● **ACTIVITY**:
For the records shown below, return an exact copy that excludes the pictures.

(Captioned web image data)
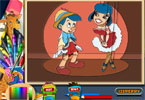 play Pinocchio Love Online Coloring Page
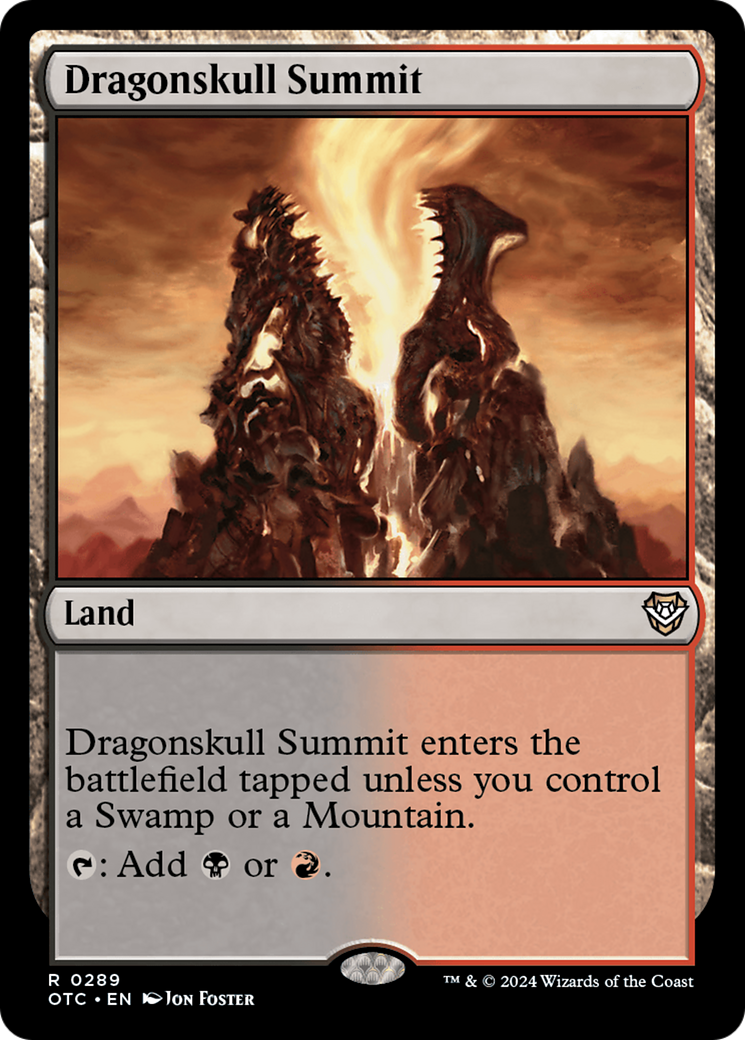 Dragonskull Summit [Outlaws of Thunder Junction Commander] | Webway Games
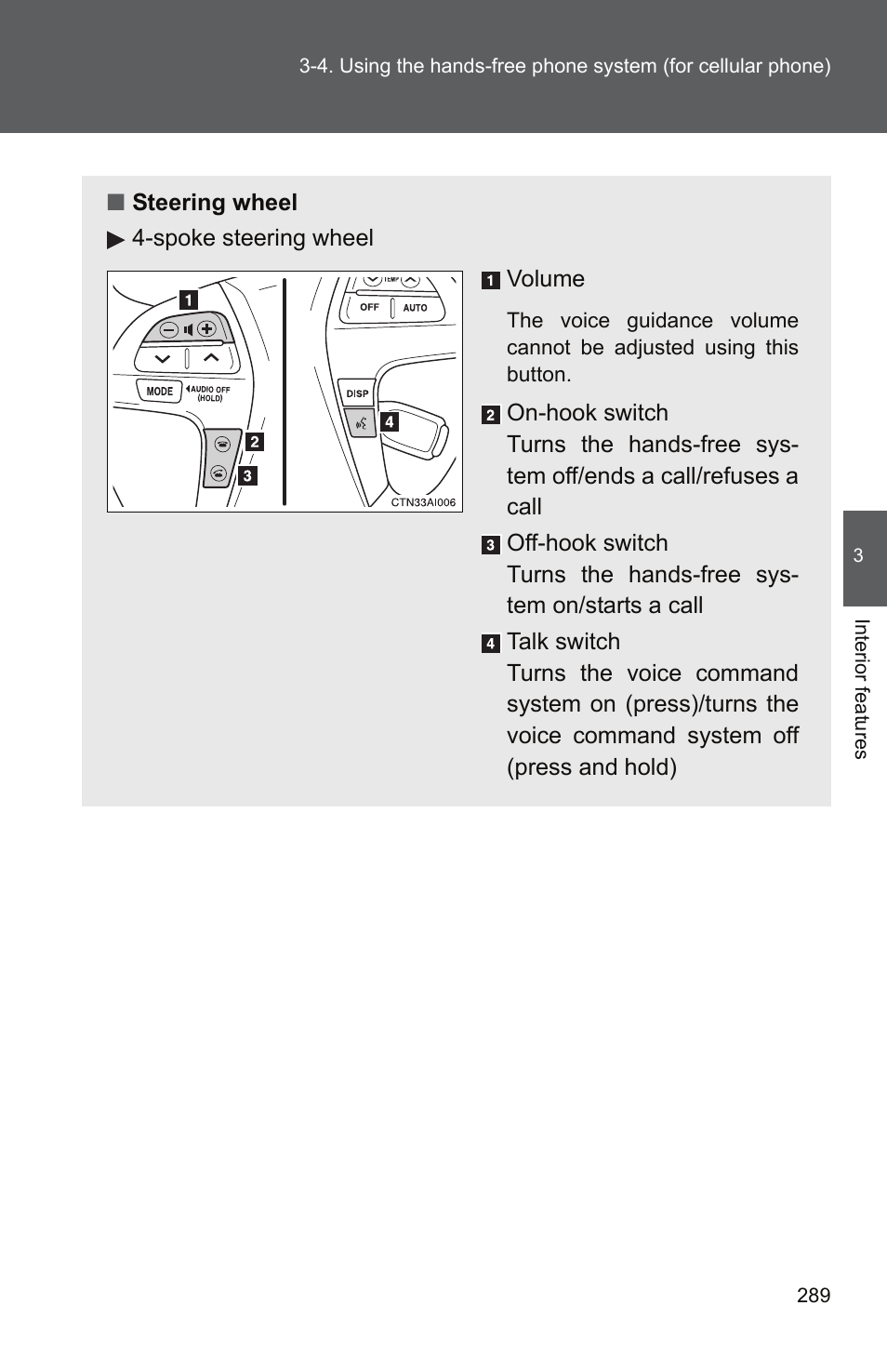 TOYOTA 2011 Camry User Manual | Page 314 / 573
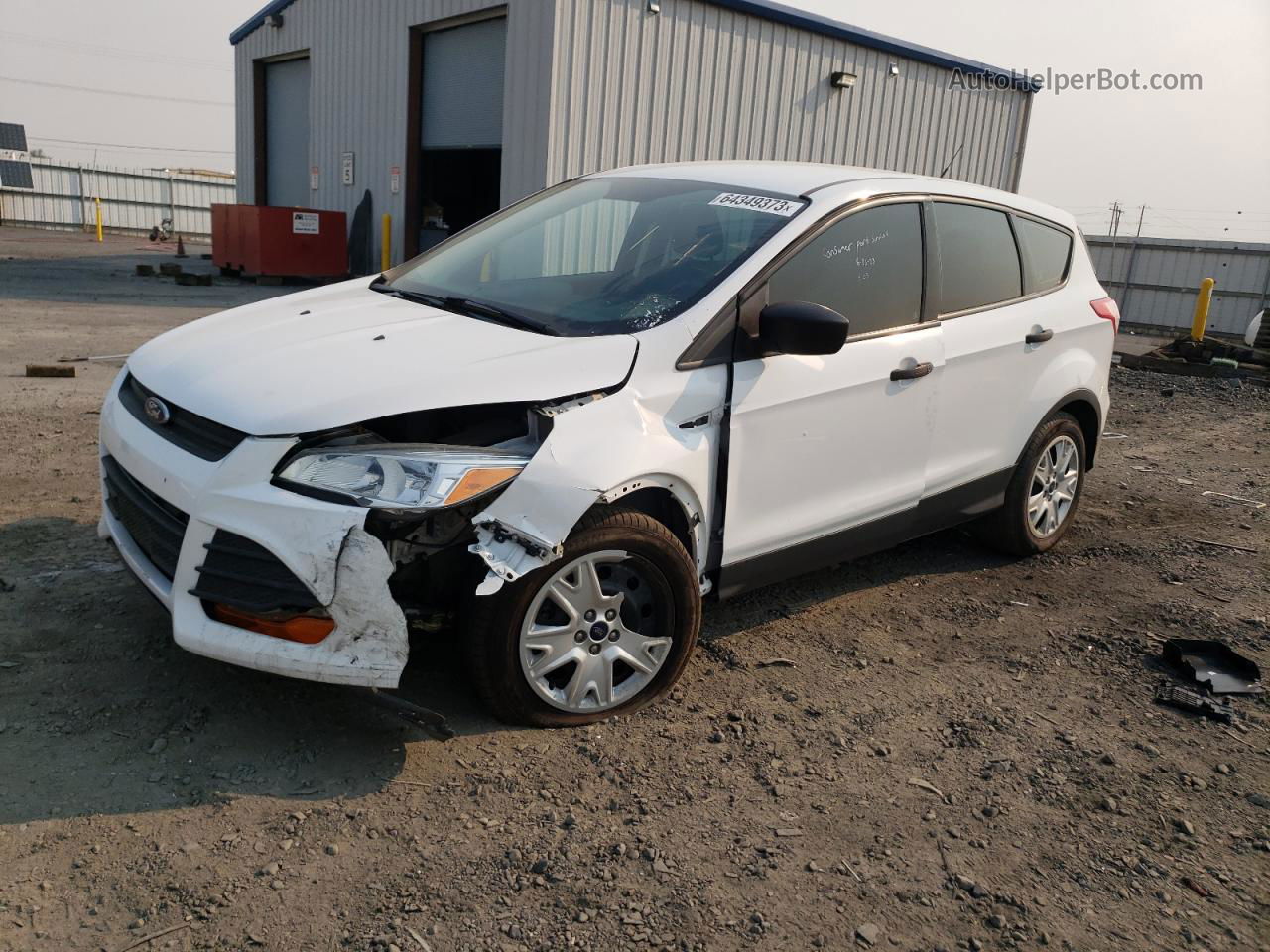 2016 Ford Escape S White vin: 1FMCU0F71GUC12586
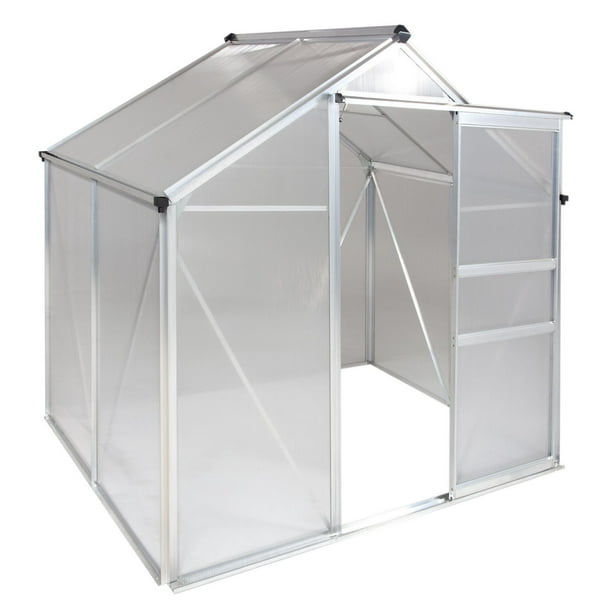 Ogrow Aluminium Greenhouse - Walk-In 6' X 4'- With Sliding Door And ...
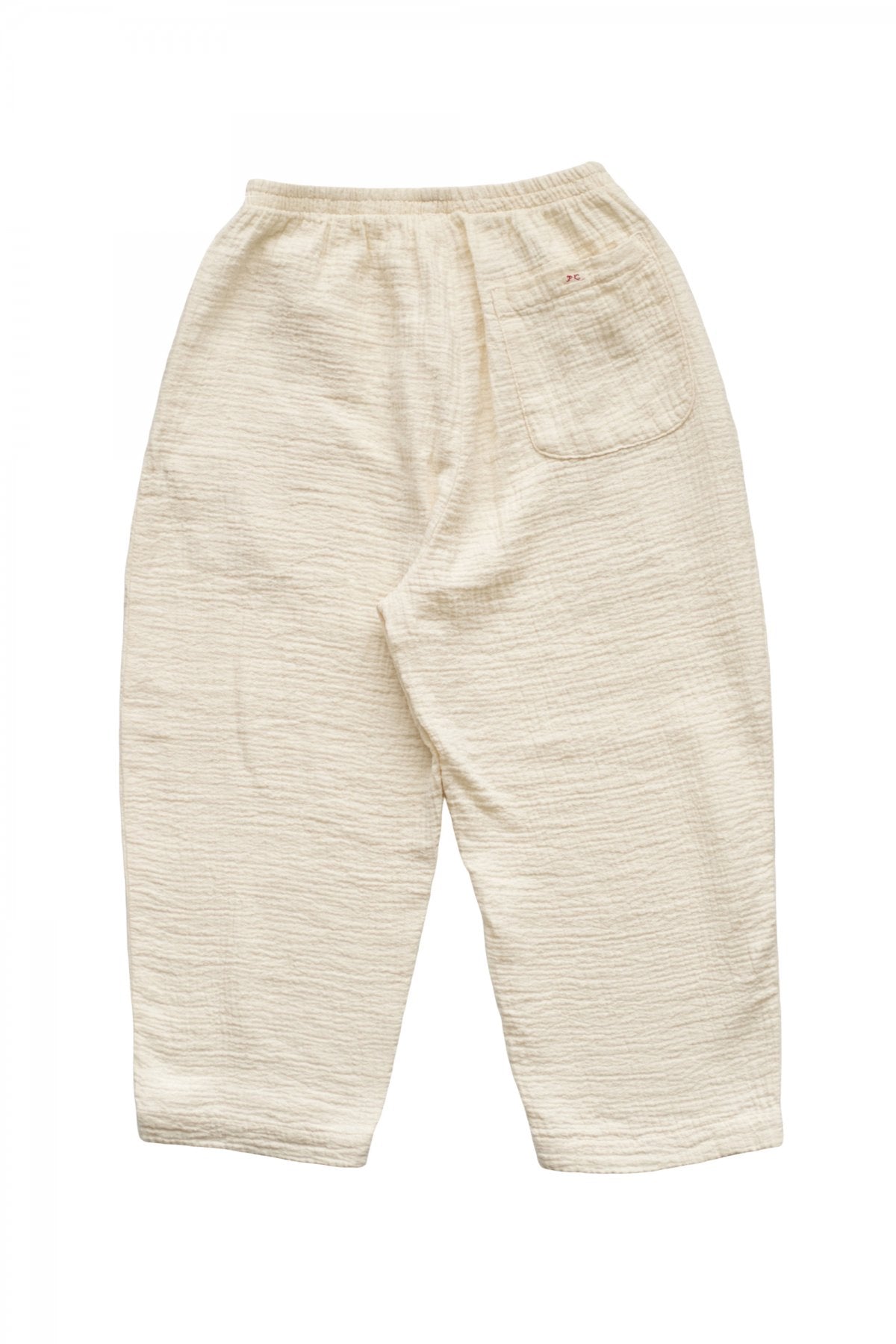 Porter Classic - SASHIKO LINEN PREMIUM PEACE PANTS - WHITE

● **RESULT FOR THIS TASK**:
 play Pinocchio Love Online Coloring Page
 Dragonskull Summit [Outlaws of Thunder Junction Commander] | Webway Games
 TOYOTA 2011 Camry User Manual | Page 314 / 573
 2016 Ford Escape S White vin: 1FMCU0F71GUC12586
 Ogrow Aluminium Greenhouse - Walk-In 6' X 4'- With Sliding Door And ...
 Porter Classic - SASHIKO LINEN PREMIUM PEACE PANTS - WHITE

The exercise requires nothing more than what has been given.